Ronda la inmortalidad en los últimos segundos del año. Se escuchan campanazos, choques de copas y gritos descontrolados. La alegría que genera la ilusión de un nuevo comienzo, es inequivocamente curiosa ya que es lo mismo pasar de diciembre a enero que de junio a julio, o de cualquier lunes a cualquier martes, sin embargo hay cierto misticismo en el primero y entiendo que así sea.
Cambia el año y con este dejamos atrás las cosas feas que han pasado. Ya no son de este tiempo. Las hacemos parecer de antaño.

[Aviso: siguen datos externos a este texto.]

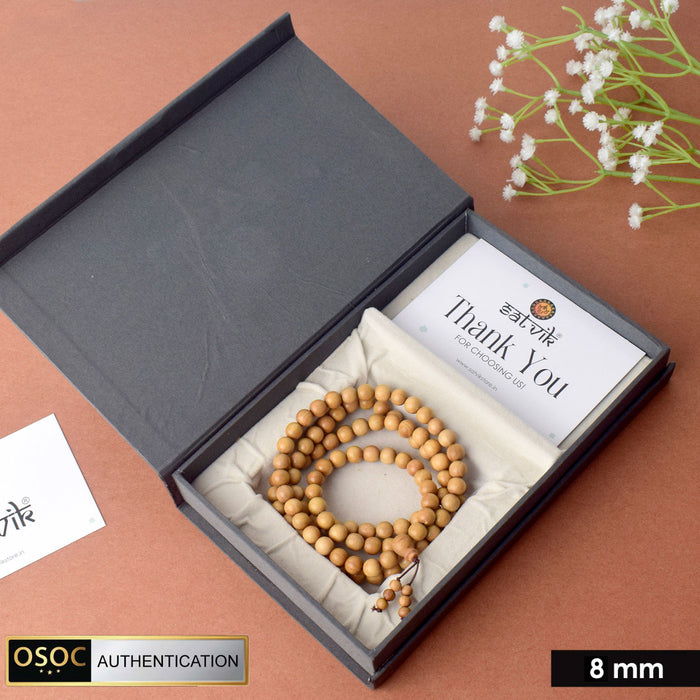 Certified 8mm original Mysore white sandalwood (Chandan) jap mala made from pure authentic chandan beads for japa, meditation, and daily spiritual practice. 
India’s Largest Pooja Accessories Brand – www.satvikstore.in
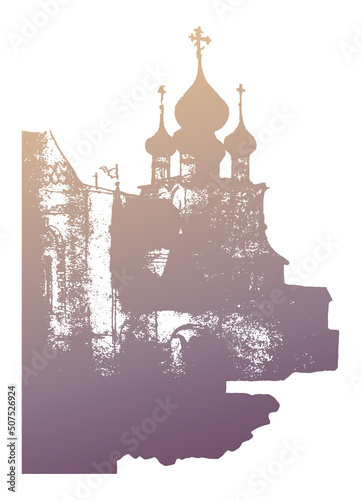 Architectural landscape, Rostov Kremlin back yard, stone porch with hipped tent roof, barrel-column arcade. Gold colored vector traced pencil drawing 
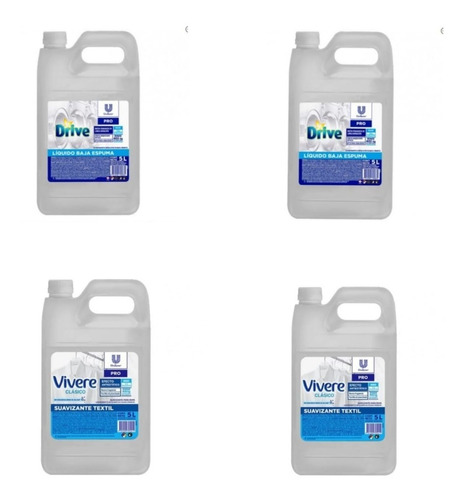 Jabon Liquido Drive X 5 L (2) + Suavizante Vivere X 5 L (2)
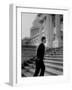 Senator Edward M. Kennedy Walking Up Steps of Senate Wing-John Dominis-Framed Photographic Print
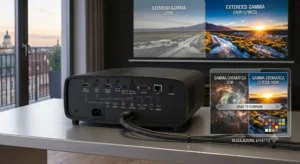 Dimostrazione dell'effetto HDR e della gamma cromatica estesa offerta da un videoproiettore 4K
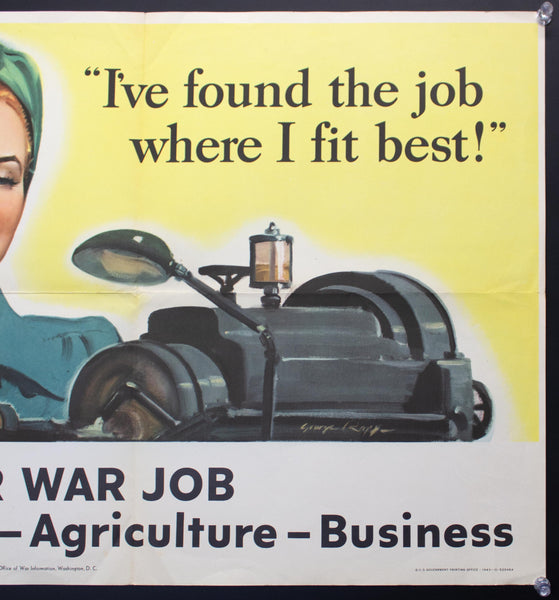 1943 Find Your War Job In Industry - Agriculture - Business Rosie the Riveter WWII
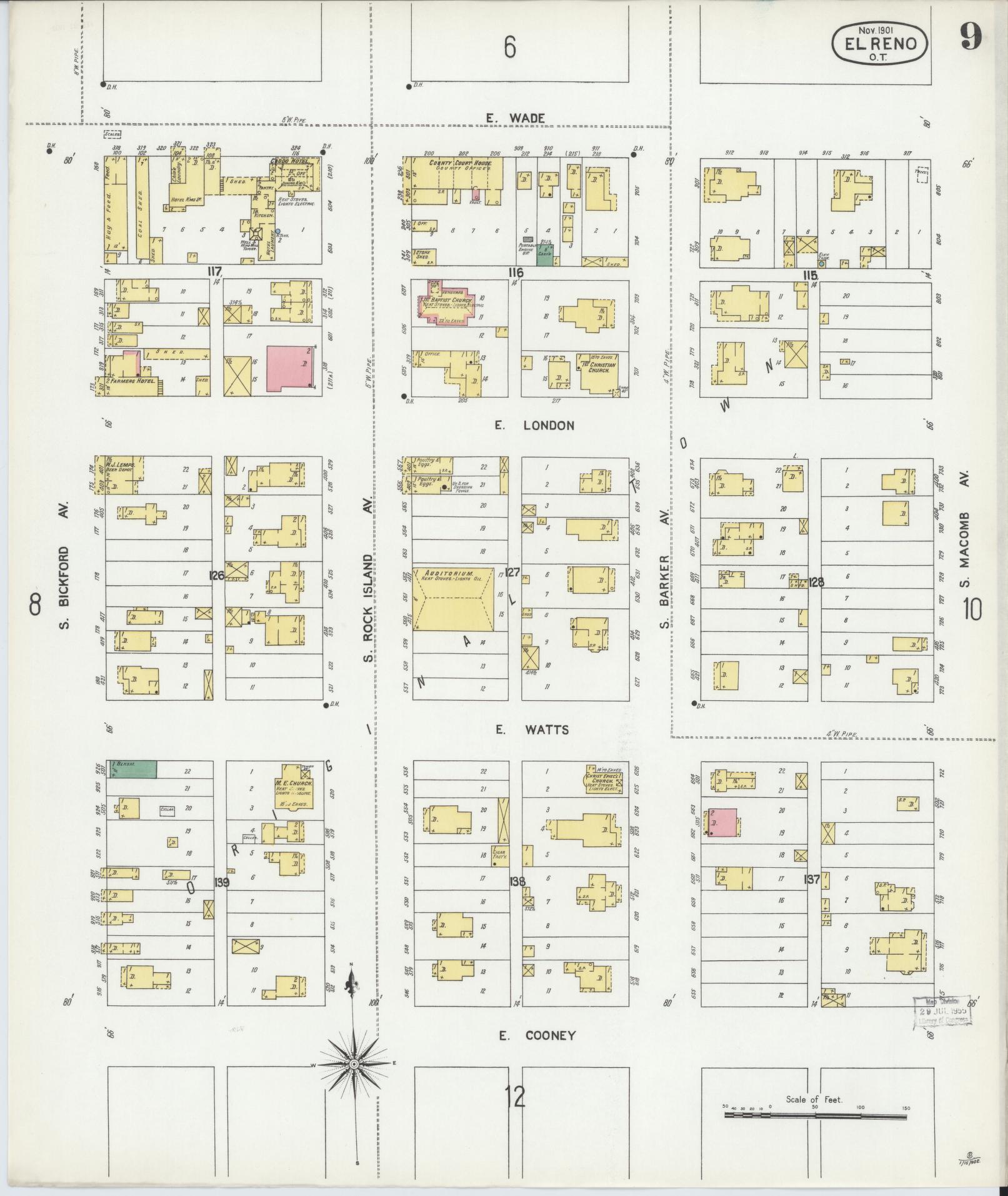 Sanborn Fire Insurance Map from El Reno, Canadian County, Oklahoma (1901), Sheet #0009 - Complete Map Set gallery image, historic Sanborn map, vintage wall art, Oklahoma Oklahoma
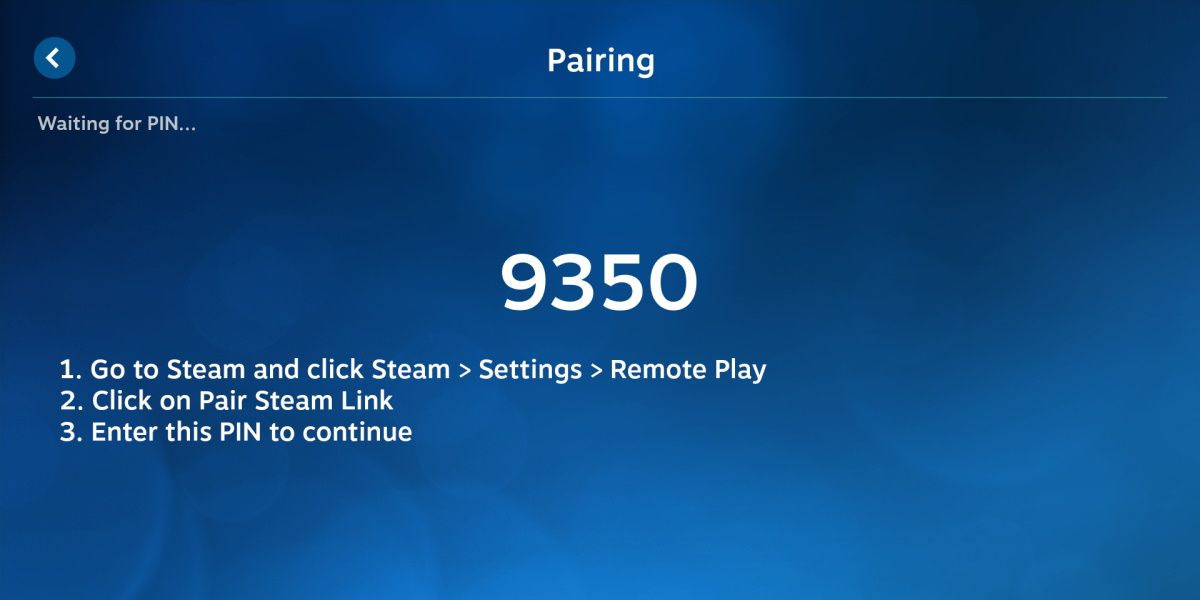 An example of a pin code on Steam Link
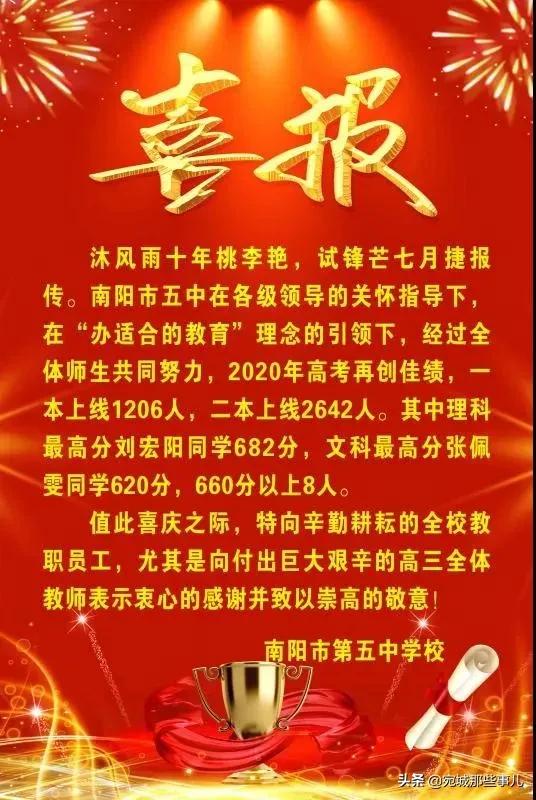 南阳高考排名前十名,南阳高中高考成绩排名一览表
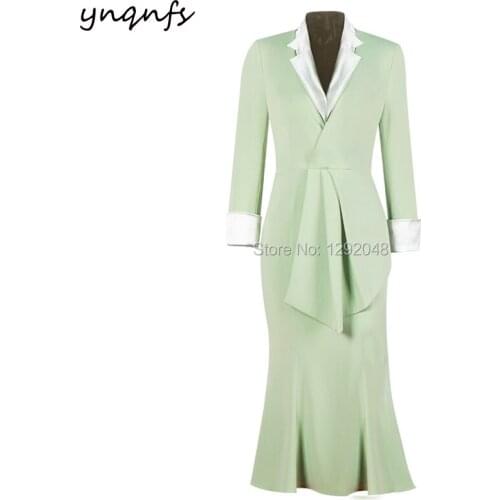 YNQNFS M40 Open-necked Dress Party Cocktail Mint Green Tea Length Long Sleeve Groom Mother Gown Mother of the Bride Dresses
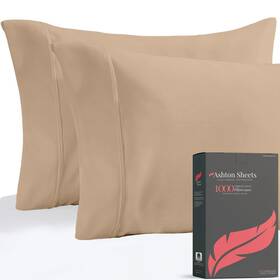 As-spc-1000tc-taupe Ashton Sheets 100% Egyptian Cotton Pillow Cases Queen Size Set Of 2 - Luxury 1000 Series Ma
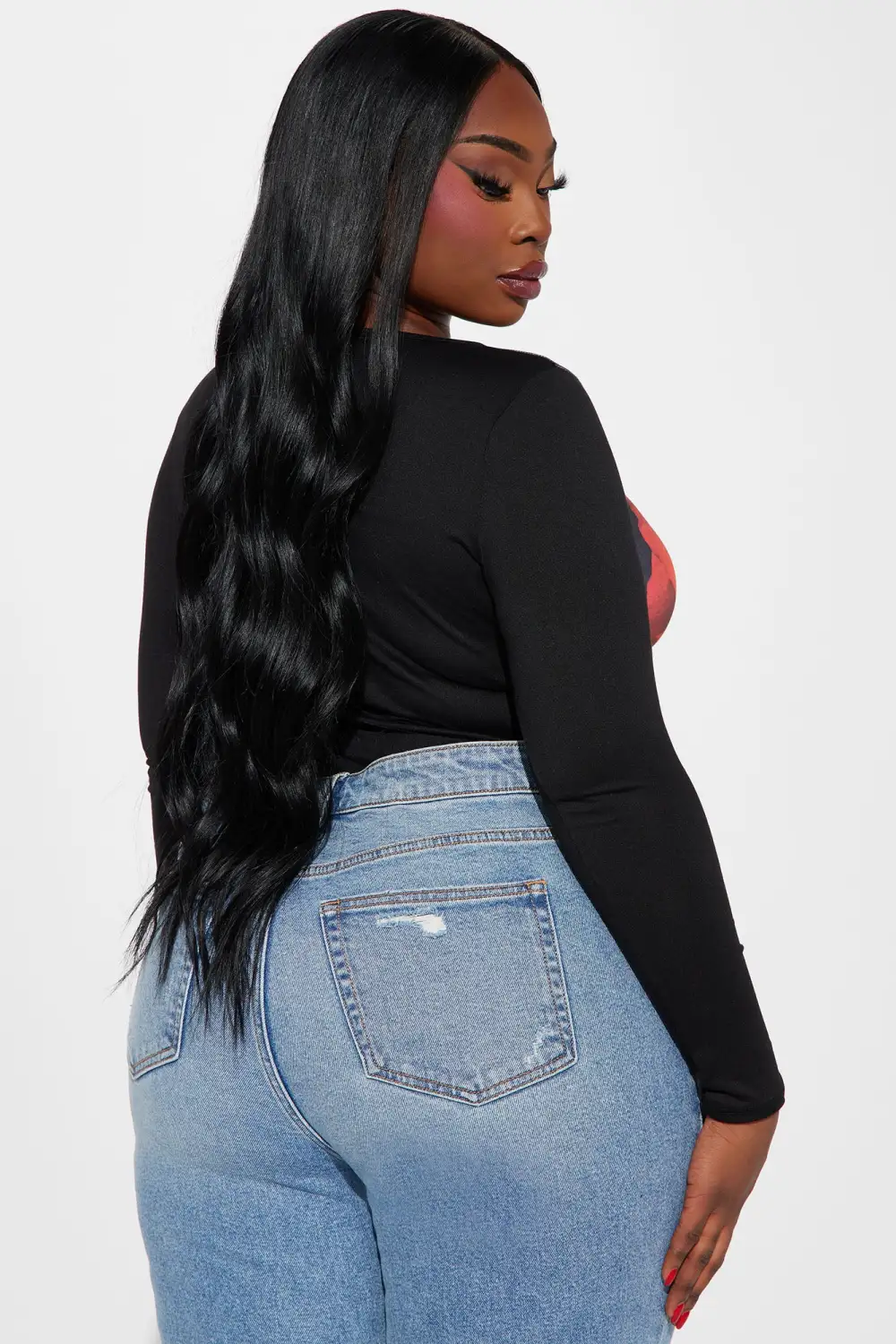 Drippin Roses Long Sleeve Bodysuit - Black/combo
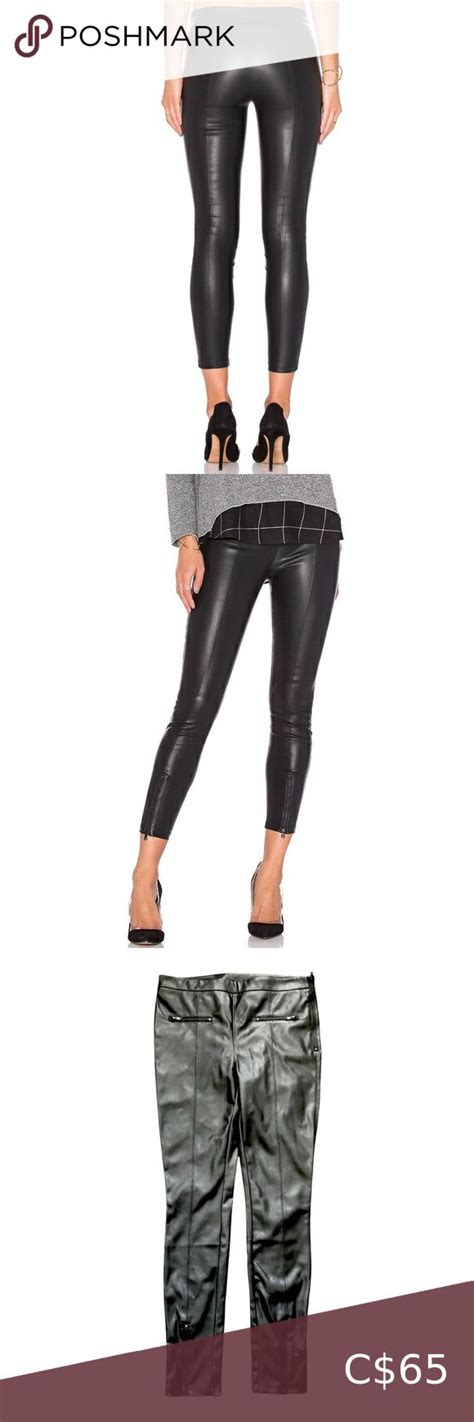 DAVID LERNER Classic Shiny Black Faux Leather Front Zip Cropped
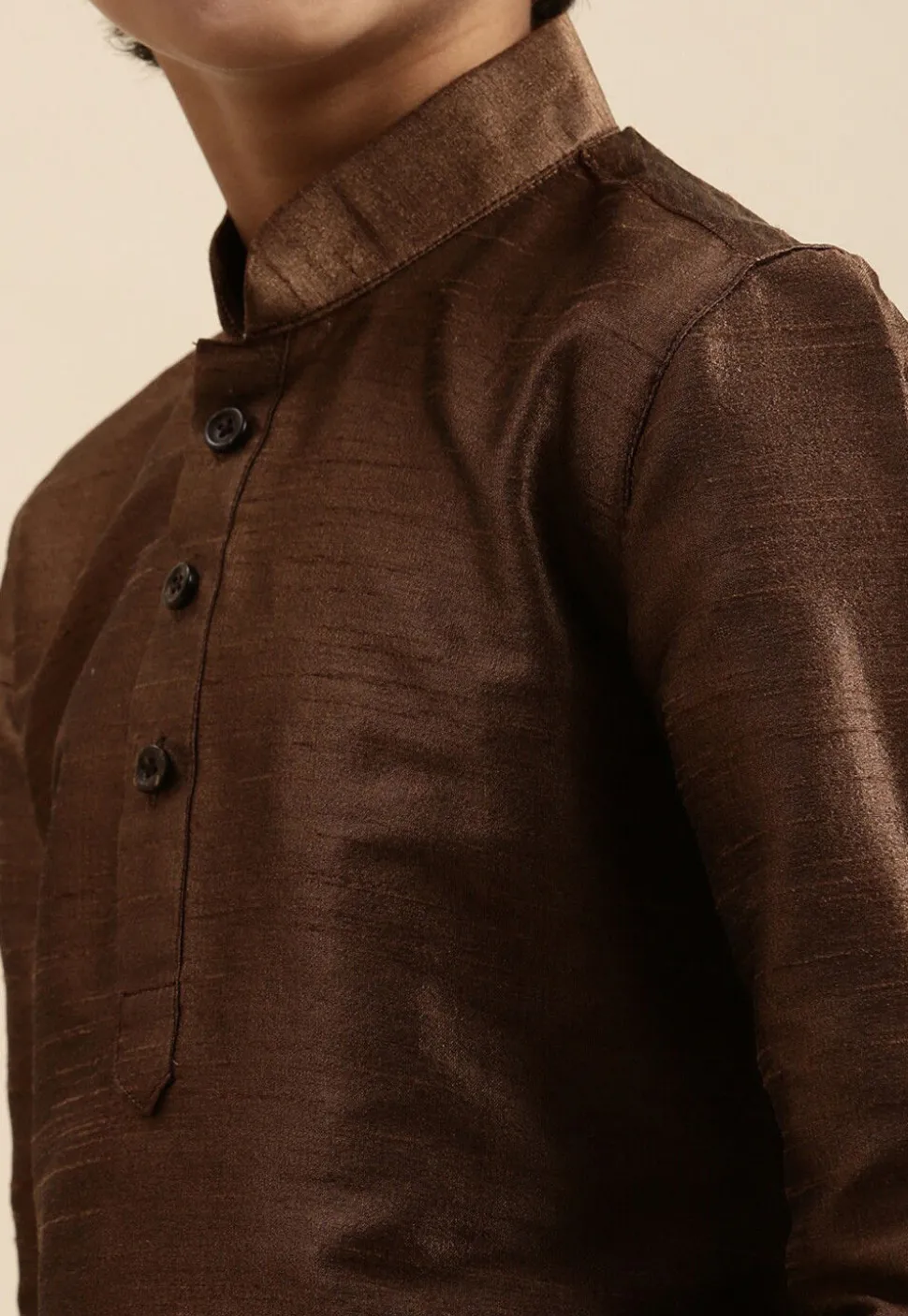 Solid Color Dupion Silk Kurta in Brown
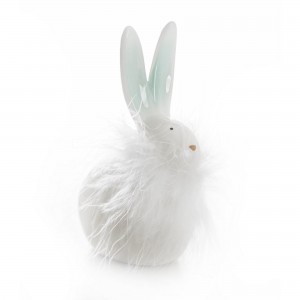 Decoratiune din dolomita Cebal Bunny Alb / Verde Mint, L9xl5xH14 cm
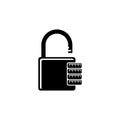 Combination Padlock, Password Code Lock. Flat Vector Icon illustration. Simple black symbol on white background. Combination Royalty Free Stock Photo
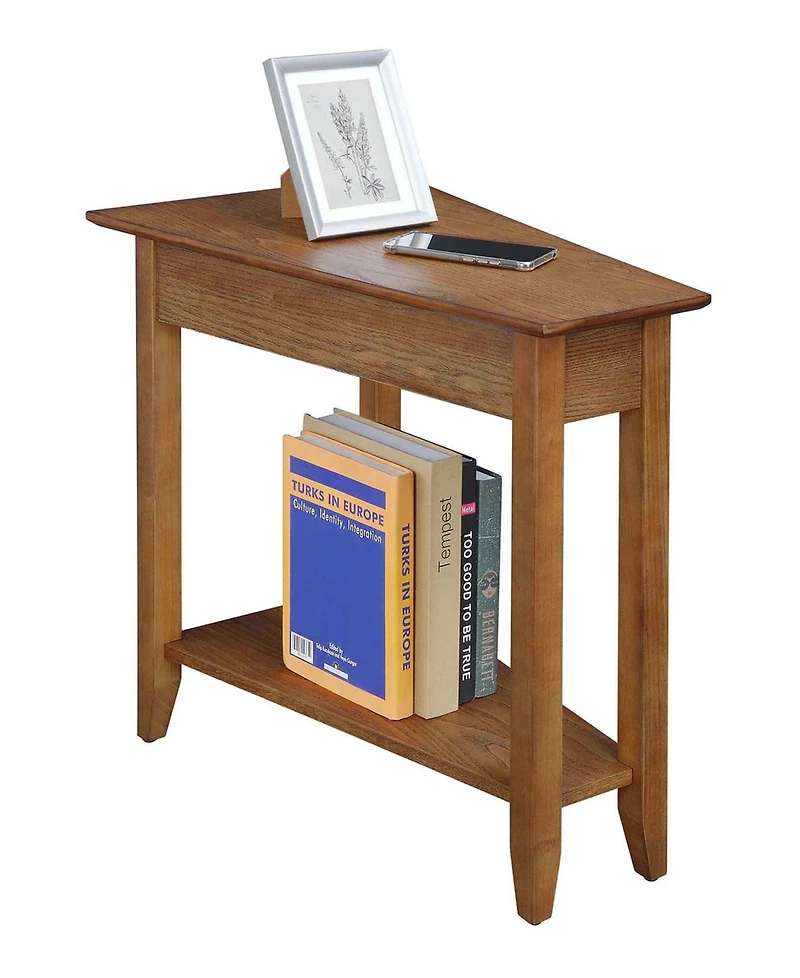 Convenience Concepts 24" Rubber wood Ah Wedge End Table with Shelf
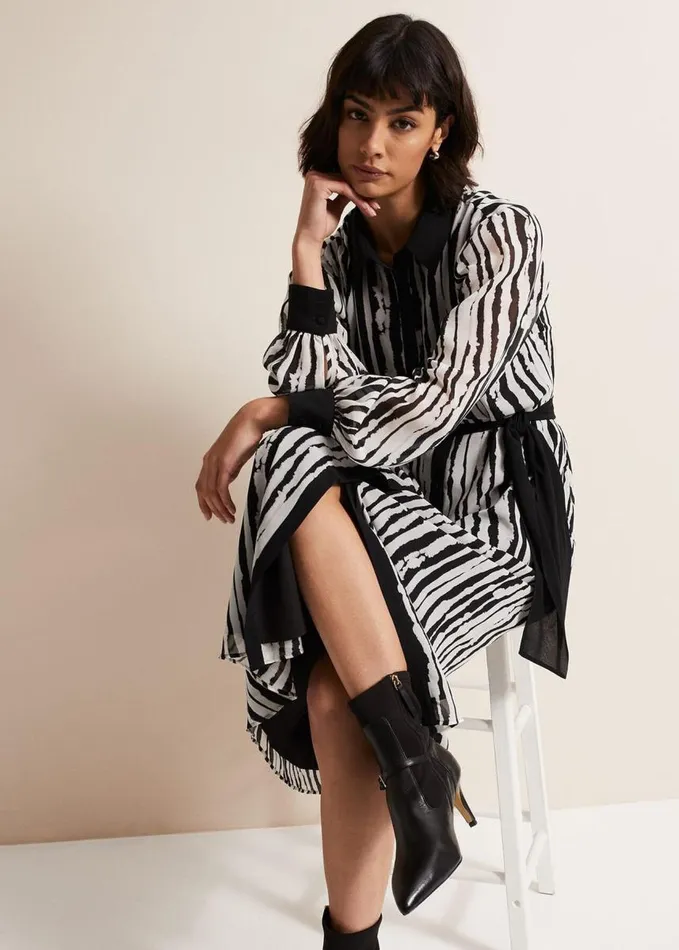 Phase Eight Serena Striped Midi Dress Blackivory Women Dresses
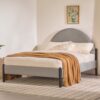 Queen Bed Frame Modern Upholstered Curved Headboard - Gray - Image 5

Jugamos con nuestra propia mente, engañandola con la antigüedad de los eventos que más nos lastimaron. Cerramos cicatrices mientras cerramos el año. Heridas que, quizás, no estaban listas para sanar. Entonces, de vez en cuando, se abren y arden queriendo llamar la atención de ese humano que las obligó a formar cascaritas. Lloran en un llanto mudo que su propio creador intenta, con todas sus fuerzas, omitir.
Pero, aunque pasen los años y se sientan, paulatinamente, menos ardientes, si no les damos tiempo y atención, siempre, siempre, estarán allí, buscando su curso natural. Buscando cerrar a su momento, sin importar el tiempo que el calendario ha de marcar.